The first details about China’s new “dual circulation” economic strategy are emerging.
Beijing will deny it, but its new plan is another nail in the coffin of multilateralism, and yet more evidence of the desire of the great powers to put the needs of their own market above everyone and everything else.
“It’s protectionism, plain and simple,” says Alicia Garcia-Herrero, chief economist for Asia Pacific at Natixis.
The new model will be unveiled next month at a meeting of the Chinese Communist Party’s central committee.
All the signs suggest China will set out medium-term plans to be more internally reliant while remaining an export powerhouse. In short, it’s a brash and bold attempt by Asia’s largest economy to get the best of both worlds.
Some analysts scoff at the new dual-circulation model. They say Beijing is tying itself in knots to formulate a strategy that it can claim to have invented itself, rather than plucked from a foreign playbook or textbook.
Two tenets
Yet it is it underpinned by two fairly simple and fundamental tenets.
First, it wants to radically reduce its dependence on imports – particularly in areas such as advanced manufacturing. That’s bad news for Japan, South Korea and Germany – indeed any country that exports high-end, high-value intermediate goods to China.
Second, it wants to become self-sufficient in areas where it is deficient – specifically in areas such as artificial intelligence and advanced semiconductors.
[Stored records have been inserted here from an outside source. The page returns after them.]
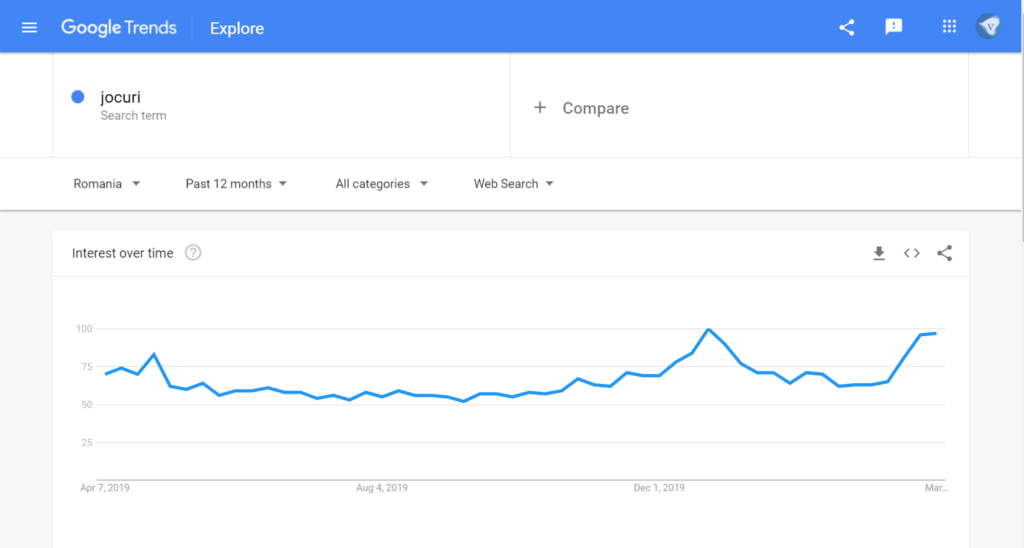 Google Trends showing an increase in searches for games during the Coronavirus outbreak. 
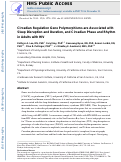 Cover page: Circadian regulation gene polymorphisms are associated with sleep disruption and duration, and circadian phase and rhythm in adults with HIV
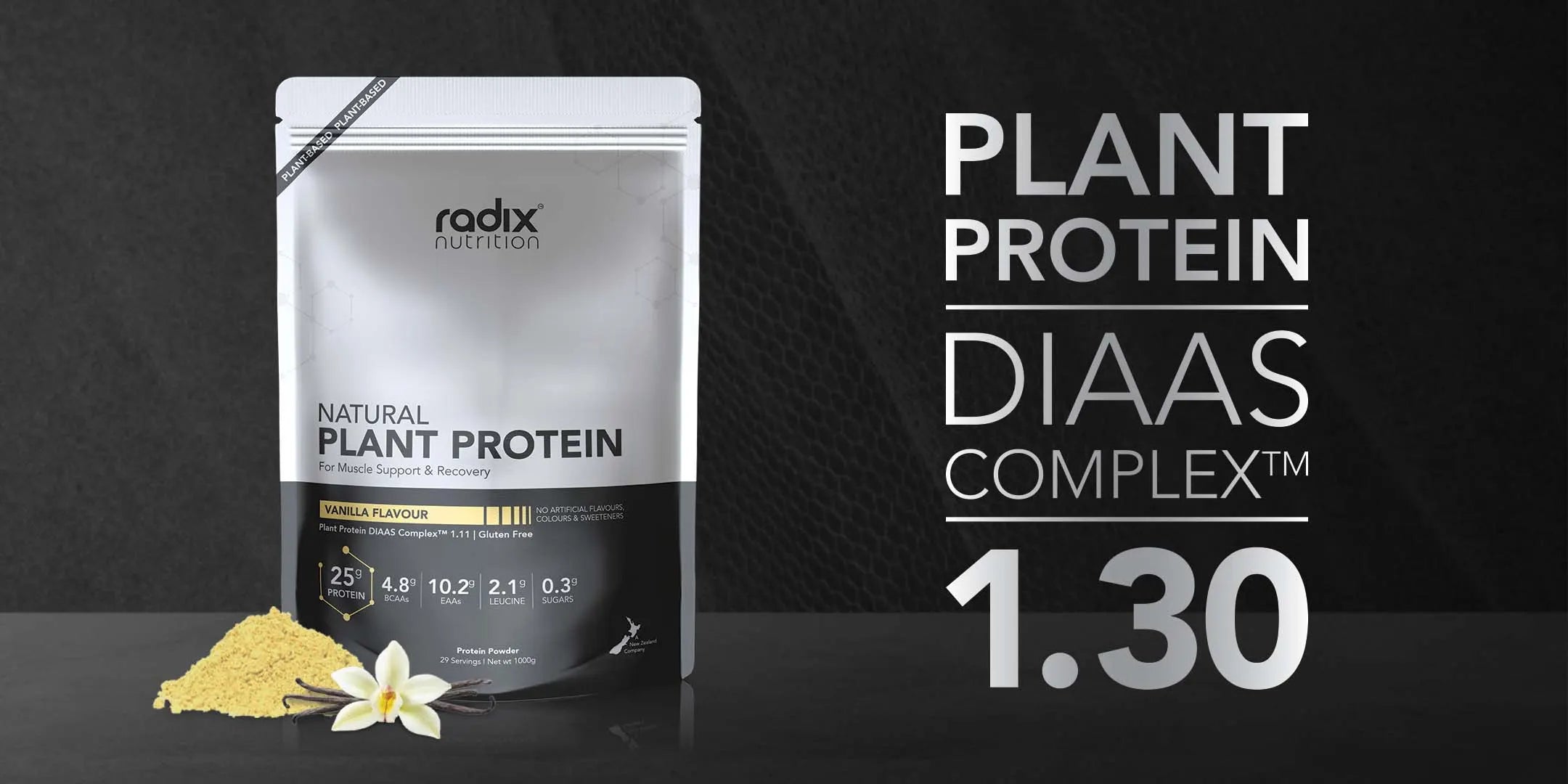 Radix Nutrition Plant Protein DIAAS Complex 1.30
When the US commerce department placed Huawei and leading China’s AI firms on a list that stops them buying advanced software and semiconductors from American firms, it caught the country’s leaders flat-footed.
The Centre for International Governance Innovation, a Canada-based think tank, said
in a March 2020 report that Beijing still “has a long way to go to reduce the huge technology gap that separates it from the United States”.

Its dual-circulation policy is designed to bridge that gap – though this will not happen overnight, or even in a handful of years.
Some liken it to the rebalancing strategy China adopted after the global financial crisis (GFC), which staved off recession by boosting domestic demand and consumption.
But those comparisons are wide of the mark, and for two reasons.
First, China’s post-2008 rebalancing worked by sucking in imports to meet the needs of a bigger, richer consumer base. This time around, it wants to reverse the flow, by making the kind of advanced goods its consumers and producers covet, and which will transform the country into – it hopes – a wealthy and advanced economy.
Second, it reflects Beijing’s acceptance that it is at (commercial) war with the US.
This is a US-created shock, and China is reacting by protecting itself
Alicia Garcia-Herrero, Natixis

“The GFC was an external shock. This is a US-created shock, and China is reacting by protecting itself,” says Natixis’ Garcia-Herrero.
She describes the new strategy as “not a capricious move by the Chinese leadership but [as] a hedging response to the changing nature of Beijing’s relations with the US as the leading global power”.
Over a few short years, relations between the two great powers have devolved from deep engagement to decoupling.
China’s grand new plan is being introduced at the worst possible time. In its latest World Economic Outlook, published in June, the IMF tipped the US economy to shrink by 8% year-on-year in 2020, with the UK and the euro area both shrinking by 10.2%.
Yet China has bucked the trend. Its economy grew 3.2% year-on-year in the second quarter. Export growth accelerated in August, rising 9.5% year-on-year, to $235 billion, even as import growth fell 2.1%. Exports to the US jumped 20% in August, despite tariff hikes imposed by president Donald Trump.
“China’s exports are increasing even as the world collapses,” says Garcia-Herrero. “China is not in a hole, but it is still introducing a new economic plan that hurts the world and benefits itself as much as possible.”
Beijing doesn’t want to shut itself off from the world – it still needs basic inputs such as soybeans and iron ore. But its aim is clear – to ensure that it controls who it buys from, how and in what quantities.
Perfect symmetry
Can China pull it off? The dual-circulation model is “much easier to talk about than to pull off”, notes Michael Pettis, professor of finance at Peking University’s Guanghua School of Management.
It requires a perfect symmetry of external circulation (more exports) and internal circulation (more production, distribution and consumption of home-made goods). But to do so, China needs to kick-start household consumption and find a way to massively boost incomes, neither of which will be easy.
The consumption share of GDP rose by just 2 percentage points between 2007-2019. It is set to decline this year as a direct result of Beijing’s production-fuelled response to the pandemic.
Neither is it clear that leading powers, be they exporters such as Germany or Japan, or a bellicose US, be it under the aegis of a Democratic or Republican White House, will let Beijing get away with it.
“This isn’t going to be popular, particularly at a time when the world is gasping for demand” for its products, says Pettis. “It will only lead to more trade conflicts.”